Zachowany kozioł oraz inne mechanizmy wiatraka są oryginalne, uzupełnione co najwyżej o niektóre elementy. Pani Justyna tłumaczy, jaką drogę przechodziły ziarno i mąka. Pokazuje wielkie koło młyńskie zaopatrzone w drewniane zęby, a także w hamulec – którego można było użyć na przykład wtedy, gdy jakiś ząb wyleciał i trzeba go było na nowo umocować.

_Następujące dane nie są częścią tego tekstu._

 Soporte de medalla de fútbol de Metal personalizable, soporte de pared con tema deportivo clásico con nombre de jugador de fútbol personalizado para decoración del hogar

Oglądamy kamień młyński (zachował się jeden), łuskarkę, gniotownik - który rozgniatał ziarna na niby-płatki, zsypy na mąkę; widzimy, gdzie pracowały nabieracze kubełkowe transportujące ziarno.
- W Duchowie były jeszcze dwa takie wiatraki, ale nie zachowały się. Miejscowość, w przeciwieństwie do okolicznych wiosek, położona jest na górze. Silniej wieją tu wiatry, co sprzyjało wznoszeniu wiatraków - wyjaśnia opiekunka starego koźlaka. - Ten został odrestaurowany głównie dzięki staraniom pani sołtys Ludmiły Bigoń, a także jednego z mieszkańców Duchowa, którego ojciec był młynarzem. Pozyskano środki unijne i, w latach 2009-2010, wiatrak został odnowiony.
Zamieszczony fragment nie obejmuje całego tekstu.